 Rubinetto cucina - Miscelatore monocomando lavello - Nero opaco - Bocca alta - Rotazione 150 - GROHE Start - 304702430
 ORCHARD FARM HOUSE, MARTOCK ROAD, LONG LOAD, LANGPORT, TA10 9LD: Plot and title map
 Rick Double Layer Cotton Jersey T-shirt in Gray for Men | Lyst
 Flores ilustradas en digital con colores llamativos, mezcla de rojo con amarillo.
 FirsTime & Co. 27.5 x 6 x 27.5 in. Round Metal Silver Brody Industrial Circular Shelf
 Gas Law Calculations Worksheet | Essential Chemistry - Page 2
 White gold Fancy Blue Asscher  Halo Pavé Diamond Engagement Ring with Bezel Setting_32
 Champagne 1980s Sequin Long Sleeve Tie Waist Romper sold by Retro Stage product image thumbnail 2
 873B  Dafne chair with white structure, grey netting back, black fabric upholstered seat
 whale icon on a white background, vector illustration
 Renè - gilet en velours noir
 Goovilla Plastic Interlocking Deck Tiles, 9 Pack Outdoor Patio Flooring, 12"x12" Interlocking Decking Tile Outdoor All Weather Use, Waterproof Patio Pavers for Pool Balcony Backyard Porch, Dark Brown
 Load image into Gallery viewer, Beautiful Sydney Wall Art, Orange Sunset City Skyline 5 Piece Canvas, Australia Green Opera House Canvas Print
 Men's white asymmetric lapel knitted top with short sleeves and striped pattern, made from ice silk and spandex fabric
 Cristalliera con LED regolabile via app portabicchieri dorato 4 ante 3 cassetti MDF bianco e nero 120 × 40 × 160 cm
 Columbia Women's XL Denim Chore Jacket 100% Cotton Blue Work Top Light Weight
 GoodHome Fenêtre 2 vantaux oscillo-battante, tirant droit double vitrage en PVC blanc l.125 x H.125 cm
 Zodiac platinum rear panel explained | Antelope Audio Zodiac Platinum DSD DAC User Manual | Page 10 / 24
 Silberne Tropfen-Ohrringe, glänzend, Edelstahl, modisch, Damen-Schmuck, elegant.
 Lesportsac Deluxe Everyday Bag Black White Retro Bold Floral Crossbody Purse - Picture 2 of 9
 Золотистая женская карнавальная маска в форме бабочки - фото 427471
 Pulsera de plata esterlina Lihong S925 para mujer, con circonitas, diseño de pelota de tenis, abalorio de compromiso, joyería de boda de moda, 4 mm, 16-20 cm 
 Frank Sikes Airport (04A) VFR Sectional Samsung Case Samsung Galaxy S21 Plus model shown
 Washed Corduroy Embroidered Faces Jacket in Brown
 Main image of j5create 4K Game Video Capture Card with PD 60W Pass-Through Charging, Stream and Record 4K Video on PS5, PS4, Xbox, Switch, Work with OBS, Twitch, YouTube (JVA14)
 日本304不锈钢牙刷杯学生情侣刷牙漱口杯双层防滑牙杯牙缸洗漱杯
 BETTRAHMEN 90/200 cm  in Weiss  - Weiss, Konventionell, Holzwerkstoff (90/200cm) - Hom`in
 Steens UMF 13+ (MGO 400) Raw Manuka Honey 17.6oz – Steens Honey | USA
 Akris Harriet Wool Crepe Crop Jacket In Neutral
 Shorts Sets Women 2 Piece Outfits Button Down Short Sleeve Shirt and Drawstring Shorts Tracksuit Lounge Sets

=== ABOUT THIS EXERCISE ===
Every line of the listing above that includes "Piece" should be copied out.

=== SOLUTION BELOW ===
 Load image into Gallery viewer, Beautiful Sydney Wall Art, Orange Sunset City Skyline 5 Piece Canvas, Australia Green Opera House Canvas Print
 Shorts Sets Women 2 Piece Outfits Button Down Short Sleeve Shirt and Drawstring Shorts Tracksuit Lounge Sets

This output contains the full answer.